(YOUR OBJECTIVE) The answer must be a single number, namely how many lines in the entries below contain the string "Luxury".

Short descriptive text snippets
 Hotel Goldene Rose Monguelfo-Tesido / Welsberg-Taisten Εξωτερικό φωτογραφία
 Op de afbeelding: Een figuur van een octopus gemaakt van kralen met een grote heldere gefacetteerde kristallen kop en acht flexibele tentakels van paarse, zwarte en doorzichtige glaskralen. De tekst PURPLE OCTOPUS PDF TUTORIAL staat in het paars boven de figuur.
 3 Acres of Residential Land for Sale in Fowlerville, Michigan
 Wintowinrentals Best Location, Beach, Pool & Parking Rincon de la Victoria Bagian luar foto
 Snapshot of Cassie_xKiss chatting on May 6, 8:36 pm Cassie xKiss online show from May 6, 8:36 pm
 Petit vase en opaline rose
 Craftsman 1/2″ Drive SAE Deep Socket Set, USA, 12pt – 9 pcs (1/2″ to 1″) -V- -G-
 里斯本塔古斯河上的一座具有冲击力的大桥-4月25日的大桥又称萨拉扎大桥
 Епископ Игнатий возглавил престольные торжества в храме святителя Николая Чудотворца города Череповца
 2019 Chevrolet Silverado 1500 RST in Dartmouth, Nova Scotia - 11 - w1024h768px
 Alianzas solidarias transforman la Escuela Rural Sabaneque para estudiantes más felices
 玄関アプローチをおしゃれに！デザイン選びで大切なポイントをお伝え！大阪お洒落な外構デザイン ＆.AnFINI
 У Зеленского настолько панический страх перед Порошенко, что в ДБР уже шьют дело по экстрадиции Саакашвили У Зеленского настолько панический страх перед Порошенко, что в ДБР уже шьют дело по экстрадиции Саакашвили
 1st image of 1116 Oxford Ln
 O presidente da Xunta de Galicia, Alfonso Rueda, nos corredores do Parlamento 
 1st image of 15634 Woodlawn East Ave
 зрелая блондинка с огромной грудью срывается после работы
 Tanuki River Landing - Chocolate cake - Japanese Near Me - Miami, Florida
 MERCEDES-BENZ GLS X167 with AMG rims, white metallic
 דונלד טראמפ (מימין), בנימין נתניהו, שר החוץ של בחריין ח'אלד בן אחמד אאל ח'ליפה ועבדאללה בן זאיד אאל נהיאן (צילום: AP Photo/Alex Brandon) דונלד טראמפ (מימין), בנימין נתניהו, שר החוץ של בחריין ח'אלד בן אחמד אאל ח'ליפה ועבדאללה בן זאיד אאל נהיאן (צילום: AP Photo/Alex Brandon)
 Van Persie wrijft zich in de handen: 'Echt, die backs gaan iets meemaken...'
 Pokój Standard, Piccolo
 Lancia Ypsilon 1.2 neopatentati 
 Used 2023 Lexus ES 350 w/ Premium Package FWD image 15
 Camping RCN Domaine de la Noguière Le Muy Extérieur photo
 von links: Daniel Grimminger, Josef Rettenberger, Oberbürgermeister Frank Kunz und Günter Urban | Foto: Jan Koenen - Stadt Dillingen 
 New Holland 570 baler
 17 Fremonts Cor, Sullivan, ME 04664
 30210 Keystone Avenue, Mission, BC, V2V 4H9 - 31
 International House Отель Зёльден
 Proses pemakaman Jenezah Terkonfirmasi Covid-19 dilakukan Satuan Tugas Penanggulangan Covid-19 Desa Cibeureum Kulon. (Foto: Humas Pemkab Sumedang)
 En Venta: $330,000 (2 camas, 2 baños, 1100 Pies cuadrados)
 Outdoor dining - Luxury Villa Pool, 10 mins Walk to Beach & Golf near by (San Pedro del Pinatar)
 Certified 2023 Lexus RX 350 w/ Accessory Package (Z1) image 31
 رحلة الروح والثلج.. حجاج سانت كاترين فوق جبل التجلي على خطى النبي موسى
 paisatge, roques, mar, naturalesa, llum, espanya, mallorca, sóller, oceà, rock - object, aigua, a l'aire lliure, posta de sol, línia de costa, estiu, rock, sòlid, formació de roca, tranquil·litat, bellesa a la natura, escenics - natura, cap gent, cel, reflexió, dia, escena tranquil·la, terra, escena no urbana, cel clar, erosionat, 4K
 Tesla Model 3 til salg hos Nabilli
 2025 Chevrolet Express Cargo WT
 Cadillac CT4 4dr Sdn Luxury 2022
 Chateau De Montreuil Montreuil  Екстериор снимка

(ANSWER BOX) 2